As points of degree~3 are $r$-sparse in infinite components they have measure at most $2/r$. Each such point has exactly one edge from $P_2$, so $\widetilde{\nu}(P_2) \leq 2/r$. Edges in $P_1$ are also $r$-sparse, so $\widetilde{\nu}(P_1) \leq 2/r$. We indeed proved that $\widetilde{\nu}(P) \leq 4/r$.
\end{proof}
%\medskip
\begin{proof}[Proof of Theorem~\ref{theorem:almost_proper_coloring}]
The idea is to use Theorem~\ref{theorem:CSLP_induction} $(d-2)$ times to remove matchings from the edge set, coloring each one with a unique color. Whenever removing those matchings creates finite components we color those using Lemma~\ref{lemma:finite_components_smart_coloring}. In the end we will apply Proposition~\ref{proposition:induction_start} to the remaining graphing.

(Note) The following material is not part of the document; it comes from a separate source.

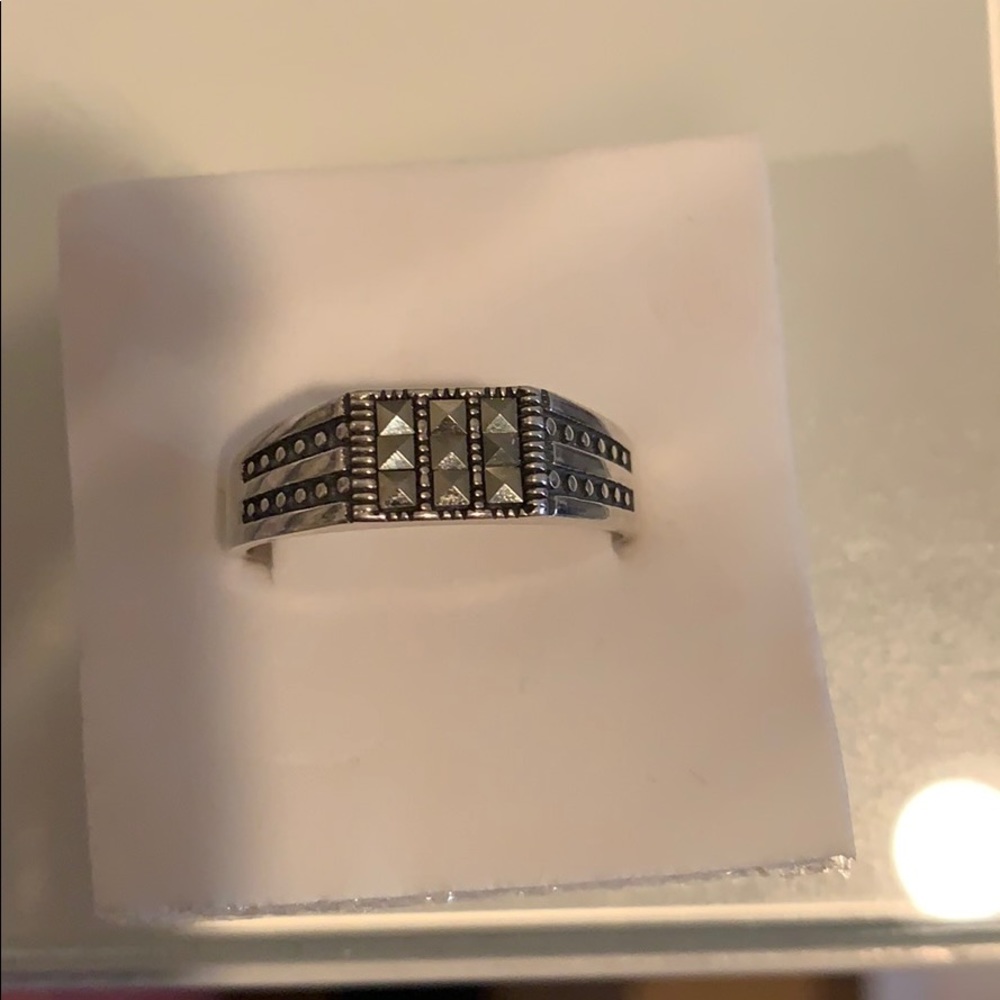 Men sterling silver Swarovski ring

Instead of re-normalizing every time we split our graphings, we will talk about \emph{density} of $(d+1)$-color edges. This means their $\widetilde{\nu}$-measure divided by the $\nu$-measure of the vertex set of the graphing in question. At each step the density of $(d+1)$-color edges will be at most $\varepsilon$, so in the end their density will still be at most $\varepsilon$, and this coincides with their $\widetilde{\nu}$-measure.
To be precise we start by picking $r_2 \geq r_0(3)$ such that $4/r_2 \leq \varepsilon$. Looking to apply Theorem~\ref{theorem:CSLP_induction} repeatedly we define $r_i \geq r_1(i, r_{i-1})$ for $i=3,\,\ldots\,d$, also assuming $r_{i-1} \leq r_i$.

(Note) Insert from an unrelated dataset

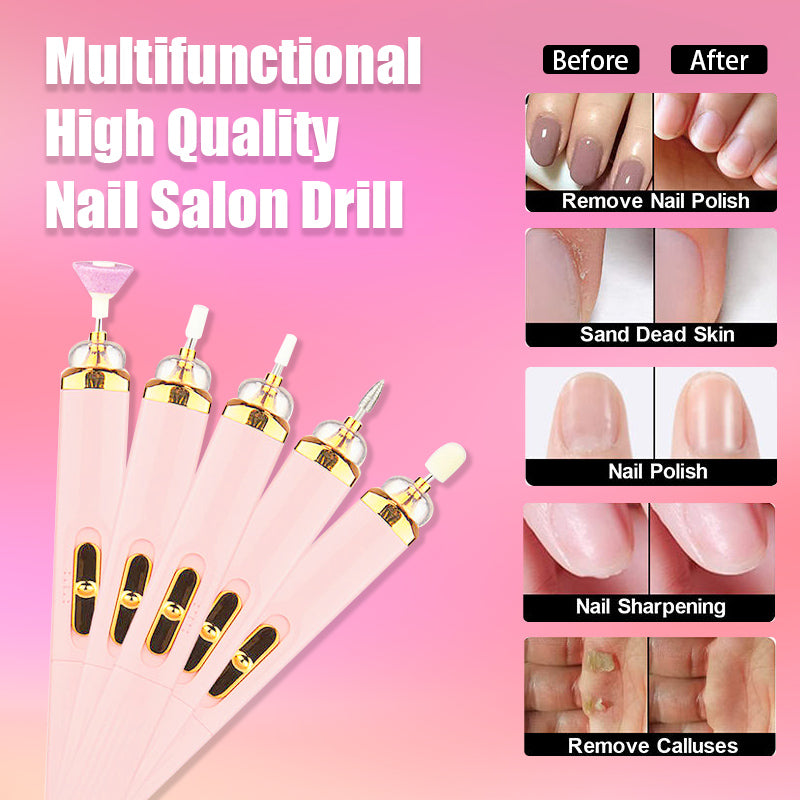 5 in 1 Electric Nail Polisher Portable Manicure and Pedicure Tool with Light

The graphing $\G$ has no vertices of degree $(d+1)$, so in particular vertices of degree $(d+1)$ are $r_d$-sparse. The finite components can be colored with $[d]$ using Lemma~\ref{lemma:finite_components_smart_coloring} (choosing $\rho =0$). So without loss of generality we can assume that all components are infinite. Then $\G$ satisfies the conditions of Theorem~\ref{theorem:CSLP_induction}, so we find a measurable matching $M_1 \subseteq E(\G)$, such that the set of vertices of degree $d$ in $\G_1=\G \setminus M_1$ is $r_{d-1}$-sparse. We color $M_1$ with color $d$, and turn our attention to $\G_1$. Notice that all degrees in $\G_1$ are either $d$ or $d-1$.
We claim that all finite components of $\G_1$ that contain a vertex of degree $d$ contain at least two. Assume towards contradiction that there was a finite component $G=(S,T, E')$, with a unique vertex $x$ of degree $d$. Without loss of generality we can assume $x \in S$. Double counting the edges we get $(d-1)|S|+1 = (d-1)|T|$, which is not possible if $d \geq 3$, as the right hand side is divisible by $(d-1)$, while the left hand side is not. This proves our claim.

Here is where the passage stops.